Start of Data

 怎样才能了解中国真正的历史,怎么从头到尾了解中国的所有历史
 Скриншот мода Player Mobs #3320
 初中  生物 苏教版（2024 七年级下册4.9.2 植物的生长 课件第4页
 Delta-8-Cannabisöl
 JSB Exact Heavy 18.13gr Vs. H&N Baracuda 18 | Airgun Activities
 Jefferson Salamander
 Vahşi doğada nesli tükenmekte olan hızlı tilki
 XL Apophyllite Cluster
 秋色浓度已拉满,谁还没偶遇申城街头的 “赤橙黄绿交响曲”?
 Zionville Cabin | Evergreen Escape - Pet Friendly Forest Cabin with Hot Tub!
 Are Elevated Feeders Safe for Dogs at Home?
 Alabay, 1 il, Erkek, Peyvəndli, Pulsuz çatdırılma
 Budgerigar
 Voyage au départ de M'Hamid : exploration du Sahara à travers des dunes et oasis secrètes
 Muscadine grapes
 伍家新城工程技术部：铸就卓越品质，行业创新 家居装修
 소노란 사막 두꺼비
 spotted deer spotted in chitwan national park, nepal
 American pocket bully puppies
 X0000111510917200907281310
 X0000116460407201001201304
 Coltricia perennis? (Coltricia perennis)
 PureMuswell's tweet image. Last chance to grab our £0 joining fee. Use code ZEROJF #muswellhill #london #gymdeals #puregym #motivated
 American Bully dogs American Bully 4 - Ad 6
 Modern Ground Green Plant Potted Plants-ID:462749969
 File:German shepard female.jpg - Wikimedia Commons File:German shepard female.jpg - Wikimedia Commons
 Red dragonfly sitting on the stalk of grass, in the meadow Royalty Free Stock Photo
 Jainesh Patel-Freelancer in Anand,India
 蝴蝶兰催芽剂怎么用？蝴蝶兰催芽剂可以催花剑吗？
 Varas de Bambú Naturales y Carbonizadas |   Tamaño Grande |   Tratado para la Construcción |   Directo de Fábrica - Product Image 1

End of Data

● Exercise:
Across the records above, return every line that contains the word "American".

● Result of this exercise:
 American pocket bully puppies
 American Bully dogs American Bully 4 - Ad 6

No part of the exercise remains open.